← Back to context

Comment by TonyStr

7 hours ago

Interestingly, I looked at github insights and found that this repo had 49 clones, and 28 unique cloners, before I published this article. I definitely did not clone it 49 times, and certainly not with 28 unique users. It's unlikely that the handful of friends who follow me on github all cloned the repo. So I can only speculate that there are bots scraping new public github repos and training on everything.

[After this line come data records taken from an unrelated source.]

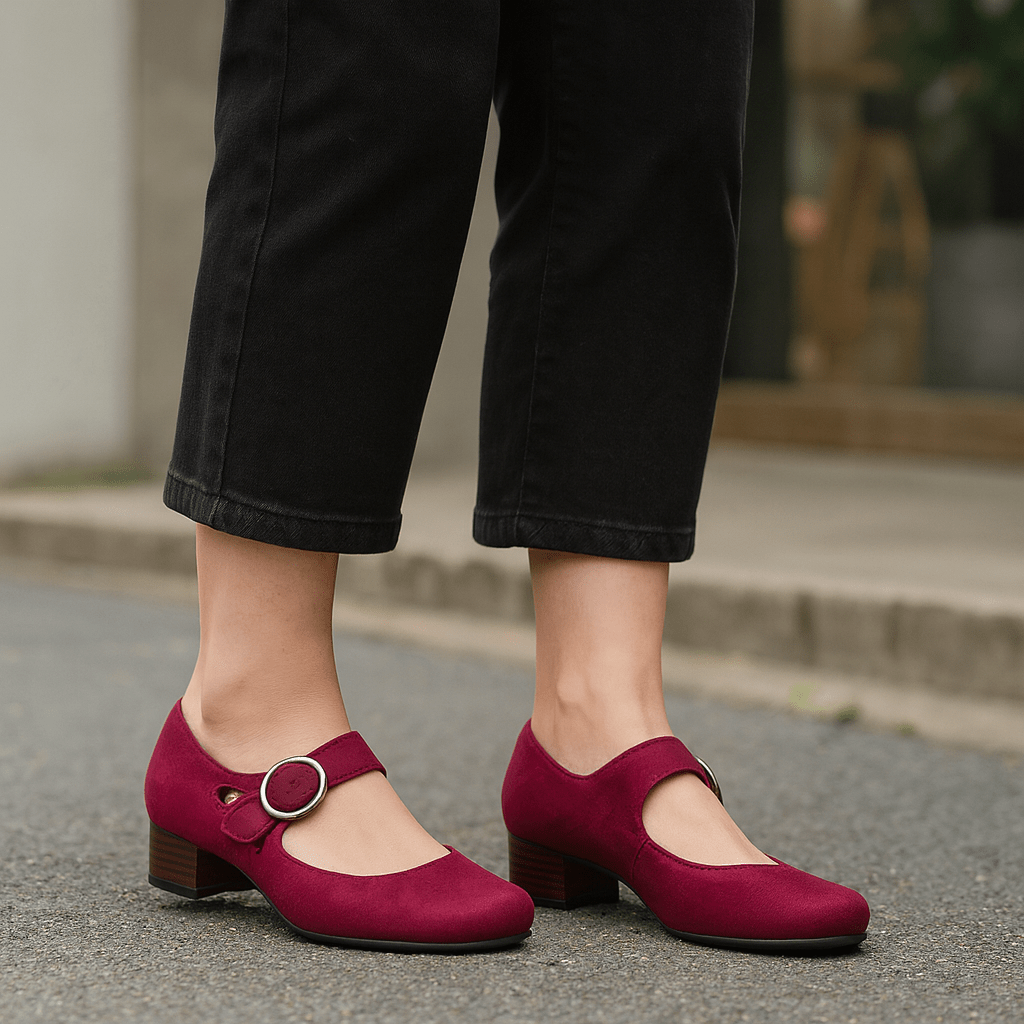 Beatrice – Skórzane Sandały na Obcasie z Klamrą Ortopedyczną - vivano - warszawa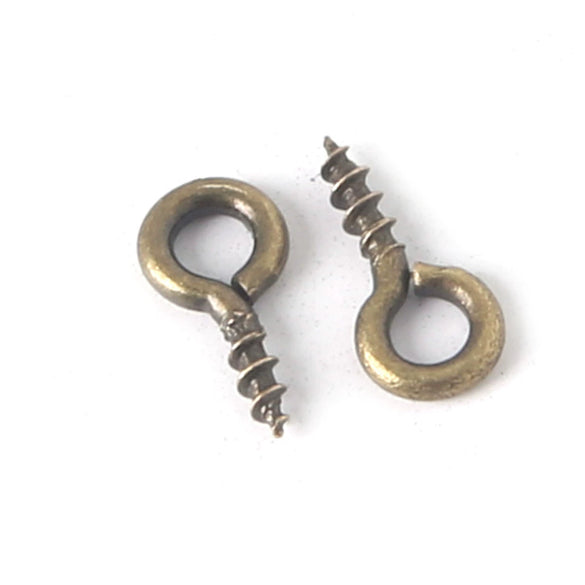 Metal Natural Geometric Sheep's Eye Screw Horn Round Head Hanging Ring Selftapping Thread Nail Small Hook Pendant Diy Handmade Jewelry Accessories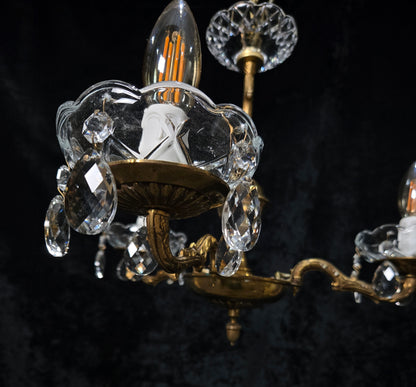 Lovely Vintage French 3 Arm Brass Foliage Crystal Chandelier Ceiling Light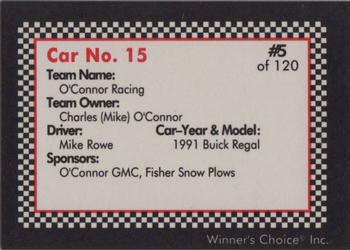 1991 Winner's Choice New England #5 Mike Rowe's Car Back
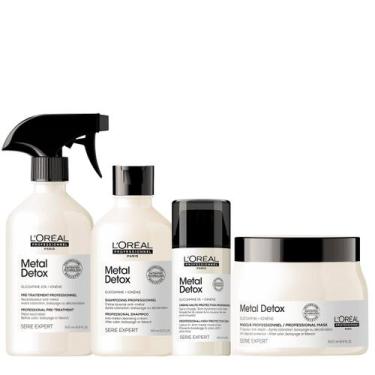 Imagem de Kit LOréal Professionnel Metal Detox Shampoo Leave-in Máscara G e Spra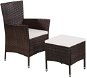 Garden Chairs and Stools with Cushions Polyrattan Brown 44090 - Garden Chair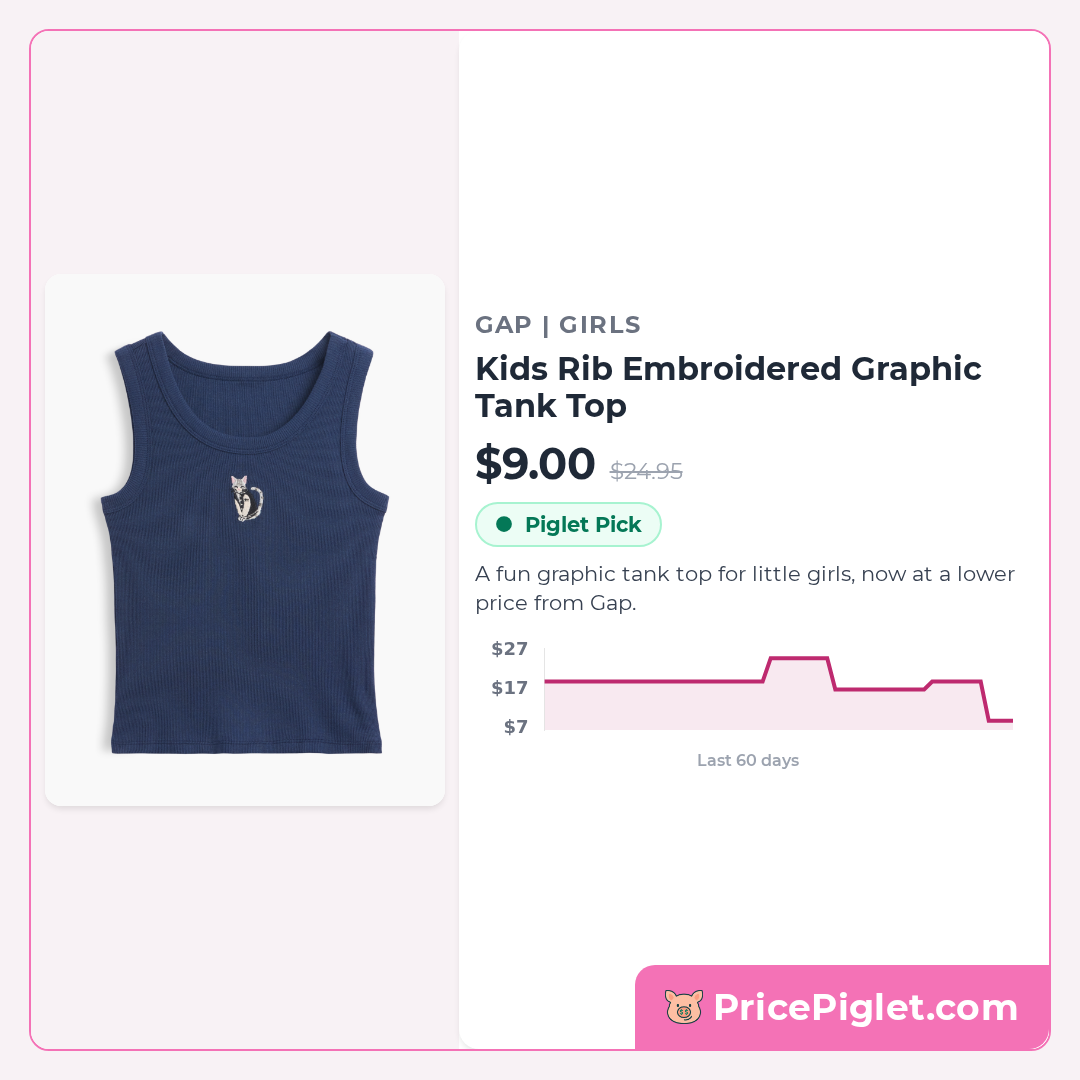 Kids Rib Embroidered Graphic Tank Top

Maybe that's obvious to most people, but it was a bit surprising to see it myself. It feels weird to think that LLMs are being trained on my code, especially when I'm painfully aware of every corner I'm cutting.

The article doesn't contain any LLM output. I use LLMs to ask for advice on coding conventions (especially in rust, since I'm bad at it), and sometimes as part of research (zstd was suggested by chatgpt along with comparisons to similar algorithms).

Particularly on GitHub, might not even be LLMs, just regular bots looking for committed secrets (AWS keypairs, passwords, etc.)

I selfhost Gitea. The instance is crawled by AI crawlers (checked the IPs). They never cloned, they just browse and take it directly from there.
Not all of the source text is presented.